The festive farm store is filled with jars of homemade pickles and jams, gift baskets, pies and frozen meats and sausages from the farm. Christmas trees and wreaths line the porch, and they've stocked cheeses and maple syrup from other Vermont producers.
Around the country, the holiday shopping season is providing an important winter revenue stream for a number of small farms as they try to diversify. Farms are finding local foods like maple syrup and jam are popular gifts, and some are bringing in money with sales of pies, hams and other dishes for holiday tables.
"That keeps us going, hopefully it keeps us going, until May when we open again seven days a week. So it really is important," said co-owner Dana Pape, whose farm stand, now open from Thursday-Monday, will cut back to just weekends on the first of the year. The Papes will continue to go to farmers' markets.
Around the state, the number of holiday farmers' markets is growing, as people become more interested in buying locally and farm fresh food.
"And certainly with the holiday season being a great time of eating, a lot of people are excited about making holiday meals from local foods," said Jean Hamilton, direct marketing coordinator for NOFA Vermont.
On Wednesday, tour director Linda Edelman stocked up on maple syrup, jams and maple popcorn at Morse Farm Maple Sugarworks in East Montpelier to give to clients as gifts. She wants them to remember Vermont while she supports local farmers.
"I just really like supporting the local people," said Edelman of Montpelier.
Clements Ridge Produce in Clements, Calif., in San Joaquin County, is still selling oranges, mandarins and avocados, but the big sellers this time of year are its 18 varieties of pies and gift boxes with nuts and jellies and jams made from berries raised on the farm.
"Ninety percent of our December business is gifty items," said owner Mick McQueen, a wine grape grower who also raises strawberries, raspberries, cherries and boysenberries. "Between Thanksgiving and Christmas, we do a huge pie business.

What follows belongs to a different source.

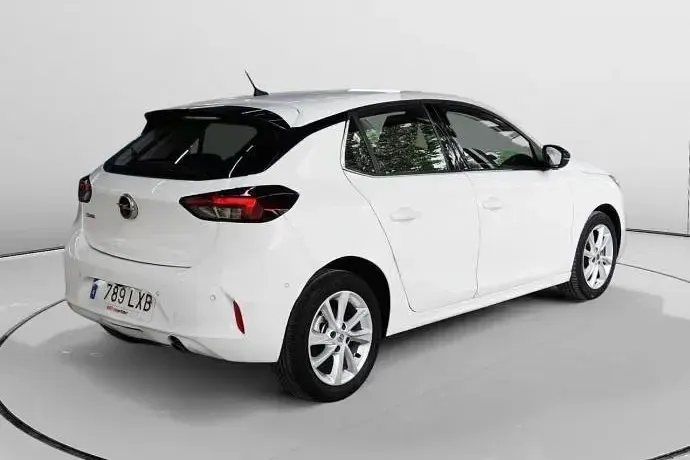 Usado Opel Corsa Elegance 101 CV (74 kW) 2022 Blanco Utilitario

And probably pies are about 30 or 40 percent or maybe more of our business for the year."
Cherry season went by six months ago in Michigan, but the fruit is still popular this time of year.
Cherry Republic, a gourmet food company that sells cherry products made from fruit grown at area orchards, does nearly half of its sales for the year during the holidays, said Nancy Henry, director of Cherry Republic's retail operations in Glen Arbor, Mich.
"We have a very, very large mail order business and we're in the midst of it right now," she said.
The company was started in part to provide a market for area cherry growers year-round.
For Shoreline Fruit, which sells dried cherries to consumers and companies like Cherry Republic that package and resell them, about 30 percent of sales happen in November and December.
Fruit can be a welcome diversion from the sweets during the holidays.
Peter Wolfe Ranch, a small family farm in Brentwood, Calif., is now selling mandarins, a winter crop that ripens during the holidays.
"People might share them with their neighbors or their family, and do that at the holidays to kind of to get away from having quite so many sweets," said Jane Wolfe, who farms with her husband and daughter.
At On the Edge Farm, where Pape and her husband raise ornamental plants, pigs, cows and chickens for eggs, customers might buy a case of jam so they have ready gifts for their child's teacher or a neighbor. Others have taken Pape's suggestion, picking up lamb or pork sausage or beef.
"We will have people come and buy a quarter side of beef as a Christmas present or an eighth, on a regular basis," she said.